■ TRY IT ■
For each line below, return an exact copy.

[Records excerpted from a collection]
= = =
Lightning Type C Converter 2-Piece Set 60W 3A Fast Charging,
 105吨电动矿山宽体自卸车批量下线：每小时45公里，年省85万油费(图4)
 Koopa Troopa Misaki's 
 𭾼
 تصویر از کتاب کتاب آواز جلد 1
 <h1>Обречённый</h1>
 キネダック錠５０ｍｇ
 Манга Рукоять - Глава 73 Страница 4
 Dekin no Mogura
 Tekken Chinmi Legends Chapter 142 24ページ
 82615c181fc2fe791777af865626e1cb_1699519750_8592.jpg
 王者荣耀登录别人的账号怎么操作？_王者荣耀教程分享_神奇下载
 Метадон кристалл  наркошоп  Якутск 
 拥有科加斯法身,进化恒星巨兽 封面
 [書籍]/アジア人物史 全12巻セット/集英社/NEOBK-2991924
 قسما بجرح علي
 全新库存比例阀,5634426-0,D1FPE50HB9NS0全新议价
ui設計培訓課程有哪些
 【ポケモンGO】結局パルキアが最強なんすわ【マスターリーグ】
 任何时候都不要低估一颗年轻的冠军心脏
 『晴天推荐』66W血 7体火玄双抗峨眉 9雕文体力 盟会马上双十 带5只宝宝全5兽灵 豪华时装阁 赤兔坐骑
= = =
■ ANSWER SPACE ■
Lightning Type C Converter 2-Piece Set 60W 3A Fast Charging,
 105吨电动矿山宽体自卸车批量下线：每小时45公里，年省85万油费(图4)
 Koopa Troopa Misaki's 
 𭾼
 تصویر از کتاب کتاب آواز جلد 1
 <h1>Обречённый</h1>
 キネダック錠５０ｍｇ
 Манга Рукоять - Глава 73 Страница 4
 Dekin no Mogura
 Tekken Chinmi Legends Chapter 142 24ページ
 82615c181fc2fe791777af865626e1cb_1699519750_8592.jpg
 王者荣耀登录别人的账号怎么操作？_王者荣耀教程分享_神奇下载
 Метадон кристалл  наркошоп  Якутск 
 拥有科加斯法身,进化恒星巨兽 封面
 [書籍]/アジア人物史 全12巻セット/集英社/NEOBK-2991924
 قسما بجرح علي
 全新库存比例阀,5634426-0,D1FPE50HB9NS0全新议价
ui設計培訓課程有哪些
 【ポケモンGO】結局パルキアが最強なんすわ【マスターリーグ】
 任何时候都不要低估一颗年轻的冠军心脏
 『晴天推荐』66W血 7体火玄双抗峨眉 9雕文体力 盟会马上双十 带5只宝宝全5兽灵 豪华时装阁 赤兔坐骑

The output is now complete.